In Google Data Studio and other reporting tools, it is easy to make calculations like totals and averages.
There are a few common mistakes made when calculating with percentages (like impression share or click through rate) or other derived metrics like cost per click, or cost per conversion. This support page will highlight how you should handle derived metrics the right way (or avoid handling them at all)
Calculating an average cost per click over a date range
If your data source contains the costs, the clicks and the "cost per click" per day, you might be tempted to use the "cost per click" metric in your (Data Studio) report. But instead you should create a calculated metric inside Google Data Studio (based on the total costs divided by the total clicks). You might think you will get the same results, right? Well, in some cases you will, but in some you don't.

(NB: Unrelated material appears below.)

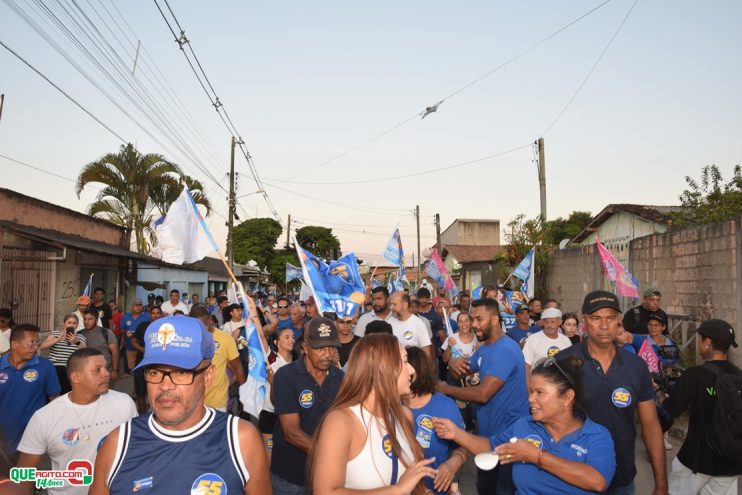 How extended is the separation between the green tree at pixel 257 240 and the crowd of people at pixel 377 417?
193ft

You will get the same results if you only look at the cost per click per day, and do not have any filters in your report. In all other cases, you will see deviations. Here is why:
Suppose you have these numbers in your data source
If you use the CPC from the data source to calculate the average cost per click for the two days, you get a CPC of 6 euro, calculated as (2+10)/2.
But in fact, your average CPC of those 2 days is 4,66 euro. That's because the total costs are 1.400 (400+1000) and the total clicks are 300 (200+100), so the average CPC of those 2 days together is 1.400 / 300 = 4,66 euro.
How to calculate a derived metric in Google Data Studio?
In Google Data Studio, you should calculate a derived metric (in our example the cost per click) like this.
The Cervinodata connectors have calculated metrics already built in so you do not have to do this. Those calculated metrics are shown in blue inside your data source in Data Studio. For ease of use, the formula that is used is shown in the description.
What about "impression share" and other special metrics?
Ad platforms have the tendency to create their own special metrics that you cannot calculate yourself. Like impression share or Quality score (or Reach for that matter). For those metrics you should be careful when using them to draw conclusions. In particular in these situations:
- When saying something about a certain period of time (for instance last month)
- When saying something about a group of campaigns or a total of an ad account
Keep this in mind: If you can not calculate the metric yourself, ONLY use the metric directly from the data source, without combining records / grouping results.
So it would be ok to use the CPC metric in the example in the table above if you only use it in a graph that shows day 1 and day 2 on the x-axis and the CPC in a trend line.
Or, if you have a data source that contains the reach per day per campaign, you can create a graph that shows the day on the x-axis (so not months or weeks) and a trend line of this reach for each campaign (but not for all campaigns combined).